Received: 29 September 2014

Accepted: 11 February 2015

Published: 28 February 2015

Abstract

Background

Influenza H7N9 has become an endemic pathogen in China where circulating virus is found extensively in wild birds and domestic poultry. Two epidemic waves of Human H7N9 infections have taken place in Eastern and South Central China during the years of 2013 and 2014. In this study, we report on the first four human cases of influenza H7N9 in Shantou, Guangdong province, which occurred during the second H7N9 wave, and the subsequent analysis of the viral isolates.

Methods

Viral genomes were subjected to multisegment amplification and sequenced in an Illumina MiSeq. Later, phylogenetic analyses of influenza H7N9 viruses were performed to establish the evolutionary context of the disease in humans.

Results

The sequences of the isolates from Shantou have closer evolutionary proximity to the predominant Eastern H7N9 cluster (similar to A/Shanghai/1/2013 (H7N9)) than to the Southern H7N9 cluster (similar to A/Guangdong/1/2013 (H7N9)).

Conclusions

Two distinct phylogenetic groups of influenza H7N9 circulate currently in China and cause infections in humans as a consequence of cross-species spillover from the avian disease. The Eastern cluster, which includes the four isolates from Shantou, presents a wide geographic distribution and overlaps with the more restricted area of circulation of the Southern cluster. Continued monitoring of the avian disease is of critical importance to better understand and predict the epidemiological behaviour of the human cases.

Background

A novel influenza H7N9 virus (A/Shanghai/1/2013 (H7N9) and related isolates) emerged in China in March of 2013, causing 32 reported deaths by May 30 and a case fatality rate of 25% [1]. After the first series of human cases in Shanghai [2], the outbreak spread to multiple provinces of Eastern China although the majority of cases were detected in the eastern provinces of Jiangsu, Shanghai and Zhejiang (Figure 1A-B). This new virus originated as a result of gene reassortments from other circulating avian influenza viruses from the H7N7 and H7N9 subtypes [3]. Circulation of the new H7N9 virus in chickens and other avian species was reported in affected regions, and most human cases had a history of poultry contact [4-7]. This evidence suggests a zoonotic origin for the human H7N9 disease. Interestingly, viral surveillance revealed circulation of H7N9 in poultry markets in the southern province of Guangdong but without causing human disease [8], indicating that the presence of the H7N9 virus in a region did not systematically lead to human disease, or was possibly under-diagnosed.
Figure 1

Temporal, geographic and genetic distribution of human cases of influenza H7N9. A) Evolution in the number of reported influenza H7N9 infections in humans caused by viruses from the Eastern cluster (similar to A/Shanghai/1/2013(H7N9) and the Southern cluster (similar to A/Guangdong/1/2013(H7N9)). B) and C) Geographic distribution of human cases during the first and second waves of the disease, respectively. The number of cases and their locations were obtained from the WHO case reports on influenza H7N9 (http://www.wpro.who.int/outbreaks_emergencies/H7N9.archive/en/). The genetic classification of the H7N9 clusters is based on the phylogenetic analysis of the viral isolates. Shaded areas represent the territories in which the presence of the virus has been detected by surveillance studies.
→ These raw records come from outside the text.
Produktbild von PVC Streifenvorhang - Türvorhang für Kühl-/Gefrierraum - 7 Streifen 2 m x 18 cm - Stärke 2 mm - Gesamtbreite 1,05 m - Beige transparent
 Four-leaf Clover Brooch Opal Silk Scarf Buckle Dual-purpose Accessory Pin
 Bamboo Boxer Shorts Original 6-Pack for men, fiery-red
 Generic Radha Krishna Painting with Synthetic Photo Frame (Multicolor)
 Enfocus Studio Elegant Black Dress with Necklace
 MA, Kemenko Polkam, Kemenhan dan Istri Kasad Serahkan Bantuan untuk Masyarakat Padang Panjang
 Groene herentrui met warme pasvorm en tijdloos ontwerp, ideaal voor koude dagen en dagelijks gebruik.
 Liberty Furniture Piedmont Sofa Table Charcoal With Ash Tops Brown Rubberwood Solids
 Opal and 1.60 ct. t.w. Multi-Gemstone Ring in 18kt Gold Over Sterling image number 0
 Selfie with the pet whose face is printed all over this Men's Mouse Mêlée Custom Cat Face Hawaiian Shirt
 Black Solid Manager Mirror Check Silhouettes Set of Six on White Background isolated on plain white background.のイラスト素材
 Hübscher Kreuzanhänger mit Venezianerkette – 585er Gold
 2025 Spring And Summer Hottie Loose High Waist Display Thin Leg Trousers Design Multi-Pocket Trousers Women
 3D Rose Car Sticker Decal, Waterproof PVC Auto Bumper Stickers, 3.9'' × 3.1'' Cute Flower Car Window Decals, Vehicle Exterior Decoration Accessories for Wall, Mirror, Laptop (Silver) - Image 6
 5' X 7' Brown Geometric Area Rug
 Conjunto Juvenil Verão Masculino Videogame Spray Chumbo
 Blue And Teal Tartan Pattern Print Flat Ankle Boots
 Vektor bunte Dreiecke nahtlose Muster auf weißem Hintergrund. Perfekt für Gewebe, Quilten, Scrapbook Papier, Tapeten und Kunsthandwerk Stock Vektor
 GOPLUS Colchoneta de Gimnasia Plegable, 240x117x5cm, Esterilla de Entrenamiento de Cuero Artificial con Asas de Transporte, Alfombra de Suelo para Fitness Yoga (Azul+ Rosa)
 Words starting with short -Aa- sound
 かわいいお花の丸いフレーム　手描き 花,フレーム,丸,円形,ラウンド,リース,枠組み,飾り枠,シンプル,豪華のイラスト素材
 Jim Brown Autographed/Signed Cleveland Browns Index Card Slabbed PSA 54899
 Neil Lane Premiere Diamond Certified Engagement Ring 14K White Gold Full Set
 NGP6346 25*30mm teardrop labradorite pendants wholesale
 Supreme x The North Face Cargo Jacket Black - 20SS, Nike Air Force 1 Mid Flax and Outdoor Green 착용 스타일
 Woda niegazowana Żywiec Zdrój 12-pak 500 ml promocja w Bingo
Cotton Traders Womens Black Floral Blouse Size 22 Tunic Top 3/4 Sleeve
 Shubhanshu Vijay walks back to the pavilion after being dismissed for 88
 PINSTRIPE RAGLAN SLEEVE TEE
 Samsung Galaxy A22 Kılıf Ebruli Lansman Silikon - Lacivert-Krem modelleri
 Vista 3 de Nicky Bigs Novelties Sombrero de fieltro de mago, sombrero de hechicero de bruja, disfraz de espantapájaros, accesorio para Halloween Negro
A new variant of H7N9 (A/Guangdong/1/2013 (H7N9) and related isolates) was first detected in humans in August 2013 and caused a number of infections in humans in Guangdong and Hong Kong during the months following the initial outbreak (Figure 1C). This new variant was also the result of gene reassortment, with genes originating from avian influenza strains that were circulating in the South of China [8,9]. Later, a second wave of human cases of H7N9 (related to A/Shanghai/1/2013 (H7N9)) began after September 2013 and affected the Eastern and Southern provinces of China. Environmental surveillance data and epidemiological reports revealed that influenza H7N9 had achieved the status of a circulating strain among avian species and causing human disease as a consequence of sustained cross-species spillover [10].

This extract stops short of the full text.